# EXERCISE:
With nothing added or left out, output the listing that follows.

# # #

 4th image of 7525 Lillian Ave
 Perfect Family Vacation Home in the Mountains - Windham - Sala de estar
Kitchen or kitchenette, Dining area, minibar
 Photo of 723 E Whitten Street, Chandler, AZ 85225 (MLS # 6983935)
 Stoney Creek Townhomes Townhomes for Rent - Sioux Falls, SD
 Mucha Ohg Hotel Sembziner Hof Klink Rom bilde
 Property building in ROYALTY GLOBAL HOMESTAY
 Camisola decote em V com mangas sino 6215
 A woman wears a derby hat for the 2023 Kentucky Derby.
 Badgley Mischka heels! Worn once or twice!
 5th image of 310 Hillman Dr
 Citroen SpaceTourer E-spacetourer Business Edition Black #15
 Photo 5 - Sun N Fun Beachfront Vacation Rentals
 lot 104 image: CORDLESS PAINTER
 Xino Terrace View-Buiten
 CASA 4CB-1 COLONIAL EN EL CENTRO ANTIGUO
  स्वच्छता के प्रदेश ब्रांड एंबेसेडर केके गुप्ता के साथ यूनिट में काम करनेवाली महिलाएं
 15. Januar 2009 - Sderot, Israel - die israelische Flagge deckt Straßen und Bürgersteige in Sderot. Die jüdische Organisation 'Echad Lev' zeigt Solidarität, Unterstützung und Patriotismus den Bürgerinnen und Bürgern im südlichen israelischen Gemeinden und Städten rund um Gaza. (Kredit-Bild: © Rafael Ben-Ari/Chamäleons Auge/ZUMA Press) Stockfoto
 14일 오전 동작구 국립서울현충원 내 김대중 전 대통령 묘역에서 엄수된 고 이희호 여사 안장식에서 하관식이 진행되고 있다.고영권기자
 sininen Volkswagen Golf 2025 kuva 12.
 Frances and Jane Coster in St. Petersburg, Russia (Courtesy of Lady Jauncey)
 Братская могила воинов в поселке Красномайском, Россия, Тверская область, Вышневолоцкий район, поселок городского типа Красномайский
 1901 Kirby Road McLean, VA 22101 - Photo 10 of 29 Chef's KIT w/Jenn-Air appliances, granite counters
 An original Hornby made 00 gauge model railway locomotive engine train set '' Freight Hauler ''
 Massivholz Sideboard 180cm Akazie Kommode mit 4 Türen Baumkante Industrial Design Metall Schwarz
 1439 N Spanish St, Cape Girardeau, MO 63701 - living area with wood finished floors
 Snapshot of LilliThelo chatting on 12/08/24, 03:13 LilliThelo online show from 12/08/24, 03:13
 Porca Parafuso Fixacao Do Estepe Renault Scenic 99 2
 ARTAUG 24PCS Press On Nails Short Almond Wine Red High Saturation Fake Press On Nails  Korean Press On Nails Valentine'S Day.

# # #

# EXPECTED ANSWER:
 4th image of 7525 Lillian Ave
 Perfect Family Vacation Home in the Mountains - Windham - Sala de estar
Kitchen or kitchenette, Dining area, minibar
 Photo of 723 E Whitten Street, Chandler, AZ 85225 (MLS # 6983935)
 Stoney Creek Townhomes Townhomes for Rent - Sioux Falls, SD
 Mucha Ohg Hotel Sembziner Hof Klink Rom bilde
 Property building in ROYALTY GLOBAL HOMESTAY
 Camisola decote em V com mangas sino 6215
 A woman wears a derby hat for the 2023 Kentucky Derby.
 Badgley Mischka heels! Worn once or twice!
 5th image of 310 Hillman Dr
 Citroen SpaceTourer E-spacetourer Business Edition Black #15
 Photo 5 - Sun N Fun Beachfront Vacation Rentals
 lot 104 image: CORDLESS PAINTER
 Xino Terrace View-Buiten
 CASA 4CB-1 COLONIAL EN EL CENTRO ANTIGUO
  स्वच्छता के प्रदेश ब्रांड एंबेसेडर केके गुप्ता के साथ यूनिट में काम करनेवाली महिलाएं
 15. Januar 2009 - Sderot, Israel - die israelische Flagge deckt Straßen und Bürgersteige in Sderot. Die jüdische Organisation 'Echad Lev' zeigt Solidarität, Unterstützung und Patriotismus den Bürgerinnen und Bürgern im südlichen israelischen Gemeinden und Städten rund um Gaza. (Kredit-Bild: © Rafael Ben-Ari/Chamäleons Auge/ZUMA Press) Stockfoto
 14일 오전 동작구 국립서울현충원 내 김대중 전 대통령 묘역에서 엄수된 고 이희호 여사 안장식에서 하관식이 진행되고 있다.고영권기자
 sininen Volkswagen Golf 2025 kuva 12.
 Frances and Jane Coster in St. Petersburg, Russia (Courtesy of Lady Jauncey)
 Братская могила воинов в поселке Красномайском, Россия, Тверская область, Вышневолоцкий район, поселок городского типа Красномайский
 1901 Kirby Road McLean, VA 22101 - Photo 10 of 29 Chef's KIT w/Jenn-Air appliances, granite counters
 An original Hornby made 00 gauge model railway locomotive engine train set '' Freight Hauler ''
 Massivholz Sideboard 180cm Akazie Kommode mit 4 Türen Baumkante Industrial Design Metall Schwarz
 1439 N Spanish St, Cape Girardeau, MO 63701 - living area with wood finished floors
 Snapshot of LilliThelo chatting on 12/08/24, 03:13 LilliThelo online show from 12/08/24, 03:13
 Porca Parafuso Fixacao Do Estepe Renault Scenic 99 2
 ARTAUG 24PCS Press On Nails Short Almond Wine Red High Saturation Fake Press On Nails  Korean Press On Nails Valentine'S Day.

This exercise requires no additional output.